Genetic strategies for large scale pest or vector control using modified insects are not yet operational in Africa, and currently rely on import of the modified strains to begin preliminary, contained studies. Early involvement of research teams from participating countries is crucial to evaluate candidate field interventions. Following the recommended phased approach for novel strategies, evaluation should begin with studies in containment facilities. Experiences to prepare facilities and build international teams for research on transgenic mosquitoes revealed some important organizing themes underlying the concept of "facilities readiness," or the point at which studies in containment may proceed, in sub-Saharan African settings.
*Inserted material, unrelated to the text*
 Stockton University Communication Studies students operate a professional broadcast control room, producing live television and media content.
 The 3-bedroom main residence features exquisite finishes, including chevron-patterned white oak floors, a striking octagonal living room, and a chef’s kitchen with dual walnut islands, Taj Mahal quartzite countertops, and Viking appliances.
First, "compliance" for research with novel or non-native living organisms was defined as the fulfillment of all legislative and regulatory requirements. This is not limited to regulations regarding use of transgenic organisms. Second, the concept of "colony utility" was related to the characteristics of laboratory colonies being produced so that results of studies may be validated across time, sites, and strains or technologies; so that the appropriate candidate strains are moved forward toward field studies. Third, the importance of achieving "defensible science" was recognized, including that study conclusions can be traced back to evidence, covering the concerns of various stakeholders over the long term. This, combined with good stewardship of resources and appropriate funding, covers a diverse set of criteria for declaring when "facilities readiness" has been attained. It is proposed that, despite the additional demands on time and resources, only with the balance of and rigorous achievement of each of these organizing themes can collaborative research into novel strategies in vector or pest control reliably progress past initial containment studies.